• PROBLEM TO WORK ON
Each line of the data below goes into the copy exactly; pictures do not.

• INFORMATION SHOWN

○ ○ ○

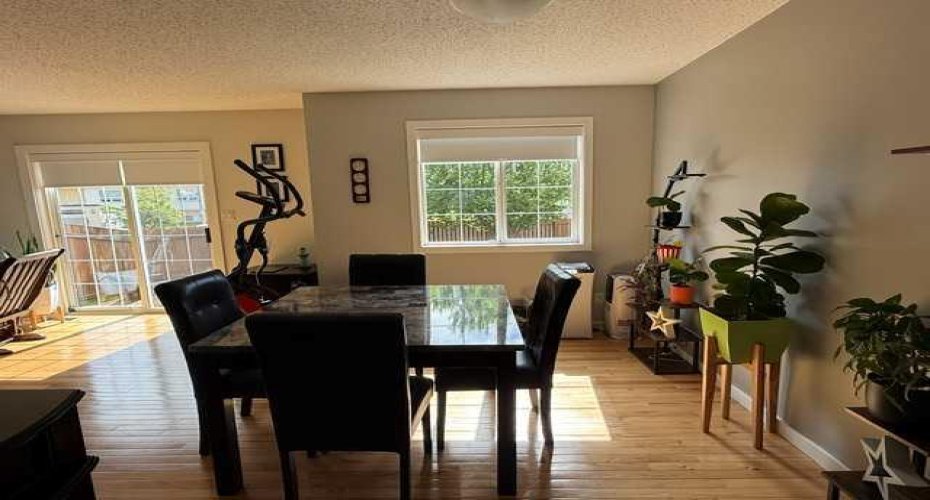 10220 106 Street, High Level, Alberta T0H 1Z0, 3 Bedroom Bedrooms, 0 ,2 BathroomBathrooms,Residential,For Sale,106,0,A2326890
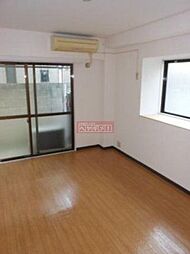 セントヒルガーデン 102 1階ワンルームのリビング/ダイニング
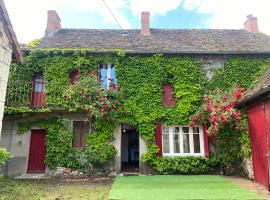 CHARMANTE MAISON DE CAMPAGNE DU 17ème siècle à Lilette avec Jacuzzi et proche rivière, porodični hotel u gradu Buxeuil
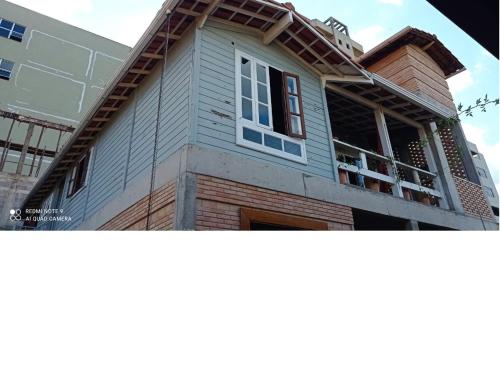 una casa con una finestra sul lato di CASA DE MADEIRA a Conselheiro Lafaiete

○ ○ ○

• WRITTEN ANSWER
 10220 106 Street, High Level, Alberta T0H 1Z0, 3 Bedroom Bedrooms, 0 ,2 BathroomBathrooms,Residential,For Sale,106,0,A2326890
 セントヒルガーデン 102 1階ワンルームのリビング/ダイニング
 CHARMANTE MAISON DE CAMPAGNE DU 17ème siècle à Lilette avec Jacuzzi et proche rivière, porodični hotel u gradu Buxeuil
 una casa con una finestra sul lato di CASA DE MADEIRA a Conselheiro Lafaiete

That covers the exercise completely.